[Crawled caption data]
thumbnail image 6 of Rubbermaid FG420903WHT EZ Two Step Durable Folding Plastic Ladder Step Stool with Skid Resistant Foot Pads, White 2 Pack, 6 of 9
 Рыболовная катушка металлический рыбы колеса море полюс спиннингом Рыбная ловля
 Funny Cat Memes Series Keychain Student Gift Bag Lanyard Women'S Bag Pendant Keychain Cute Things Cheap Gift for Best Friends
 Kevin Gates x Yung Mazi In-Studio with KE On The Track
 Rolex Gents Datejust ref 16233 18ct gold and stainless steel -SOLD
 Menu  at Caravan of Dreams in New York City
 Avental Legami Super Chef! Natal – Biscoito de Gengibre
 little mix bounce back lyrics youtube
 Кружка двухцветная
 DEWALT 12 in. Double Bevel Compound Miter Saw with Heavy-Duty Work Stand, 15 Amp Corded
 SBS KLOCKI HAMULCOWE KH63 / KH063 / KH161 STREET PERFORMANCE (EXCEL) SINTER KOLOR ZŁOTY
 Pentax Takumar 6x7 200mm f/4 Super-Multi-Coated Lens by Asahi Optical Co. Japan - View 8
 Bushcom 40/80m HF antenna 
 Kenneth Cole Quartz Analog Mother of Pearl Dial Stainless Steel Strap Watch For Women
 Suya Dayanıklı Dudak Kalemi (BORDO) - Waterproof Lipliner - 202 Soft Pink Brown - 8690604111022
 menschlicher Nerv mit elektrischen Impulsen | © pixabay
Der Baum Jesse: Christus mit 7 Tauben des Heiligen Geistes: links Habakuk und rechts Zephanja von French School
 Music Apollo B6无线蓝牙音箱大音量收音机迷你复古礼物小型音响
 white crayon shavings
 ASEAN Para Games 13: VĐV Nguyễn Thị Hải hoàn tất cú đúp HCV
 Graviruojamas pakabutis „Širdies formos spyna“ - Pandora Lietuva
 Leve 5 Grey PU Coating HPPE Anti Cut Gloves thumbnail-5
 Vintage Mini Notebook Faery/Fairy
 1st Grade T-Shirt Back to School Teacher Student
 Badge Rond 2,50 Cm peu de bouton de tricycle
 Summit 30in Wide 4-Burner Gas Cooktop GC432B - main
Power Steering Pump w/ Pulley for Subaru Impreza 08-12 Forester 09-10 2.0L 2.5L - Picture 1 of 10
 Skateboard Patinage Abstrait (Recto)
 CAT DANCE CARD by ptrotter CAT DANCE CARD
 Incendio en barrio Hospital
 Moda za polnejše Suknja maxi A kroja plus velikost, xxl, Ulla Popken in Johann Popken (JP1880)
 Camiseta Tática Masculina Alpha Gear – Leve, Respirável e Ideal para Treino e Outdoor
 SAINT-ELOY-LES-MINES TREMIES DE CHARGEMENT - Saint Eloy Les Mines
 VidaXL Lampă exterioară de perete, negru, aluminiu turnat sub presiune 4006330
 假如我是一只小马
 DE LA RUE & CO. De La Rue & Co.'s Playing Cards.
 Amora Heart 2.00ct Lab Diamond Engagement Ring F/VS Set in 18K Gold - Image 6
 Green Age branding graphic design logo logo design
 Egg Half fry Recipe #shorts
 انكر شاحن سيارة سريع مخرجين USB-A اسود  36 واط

- What to work on: Each record above should be transcribed exactly.

- Task response:
thumbnail image 6 of Rubbermaid FG420903WHT EZ Two Step Durable Folding Plastic Ladder Step Stool with Skid Resistant Foot Pads, White 2 Pack, 6 of 9
 Рыболовная катушка металлический рыбы колеса море полюс спиннингом Рыбная ловля
 Funny Cat Memes Series Keychain Student Gift Bag Lanyard Women'S Bag Pendant Keychain Cute Things Cheap Gift for Best Friends
 Kevin Gates x Yung Mazi In-Studio with KE On The Track
 Rolex Gents Datejust ref 16233 18ct gold and stainless steel -SOLD
 Menu  at Caravan of Dreams in New York City
 Avental Legami Super Chef! Natal – Biscoito de Gengibre
 little mix bounce back lyrics youtube
 Кружка двухцветная
 DEWALT 12 in. Double Bevel Compound Miter Saw with Heavy-Duty Work Stand, 15 Amp Corded
 SBS KLOCKI HAMULCOWE KH63 / KH063 / KH161 STREET PERFORMANCE (EXCEL) SINTER KOLOR ZŁOTY
 Pentax Takumar 6x7 200mm f/4 Super-Multi-Coated Lens by Asahi Optical Co. Japan - View 8
 Bushcom 40/80m HF antenna 
 Kenneth Cole Quartz Analog Mother of Pearl Dial Stainless Steel Strap Watch For Women
 Suya Dayanıklı Dudak Kalemi (BORDO) - Waterproof Lipliner - 202 Soft Pink Brown - 8690604111022
 menschlicher Nerv mit elektrischen Impulsen | © pixabay
Der Baum Jesse: Christus mit 7 Tauben des Heiligen Geistes: links Habakuk und rechts Zephanja von French School
 Music Apollo B6无线蓝牙音箱大音量收音机迷你复古礼物小型音响
 white crayon shavings
 ASEAN Para Games 13: VĐV Nguyễn Thị Hải hoàn tất cú đúp HCV
 Graviruojamas pakabutis „Širdies formos spyna“ - Pandora Lietuva
 Leve 5 Grey PU Coating HPPE Anti Cut Gloves thumbnail-5
 Vintage Mini Notebook Faery/Fairy
 1st Grade T-Shirt Back to School Teacher Student
 Badge Rond 2,50 Cm peu de bouton de tricycle
 Summit 30in Wide 4-Burner Gas Cooktop GC432B - main
Power Steering Pump w/ Pulley for Subaru Impreza 08-12 Forester 09-10 2.0L 2.5L - Picture 1 of 10
 Skateboard Patinage Abstrait (Recto)
 CAT DANCE CARD by ptrotter CAT DANCE CARD
 Incendio en barrio Hospital
 Moda za polnejše Suknja maxi A kroja plus velikost, xxl, Ulla Popken in Johann Popken (JP1880)
 Camiseta Tática Masculina Alpha Gear – Leve, Respirável e Ideal para Treino e Outdoor
 SAINT-ELOY-LES-MINES TREMIES DE CHARGEMENT - Saint Eloy Les Mines
 VidaXL Lampă exterioară de perete, negru, aluminiu turnat sub presiune 4006330
 假如我是一只小马
 DE LA RUE & CO. De La Rue & Co.'s Playing Cards.
 Amora Heart 2.00ct Lab Diamond Engagement Ring F/VS Set in 18K Gold - Image 6
 Green Age branding graphic design logo logo design
 Egg Half fry Recipe #shorts
 انكر شاحن سيارة سريع مخرجين USB-A اسود  36 واط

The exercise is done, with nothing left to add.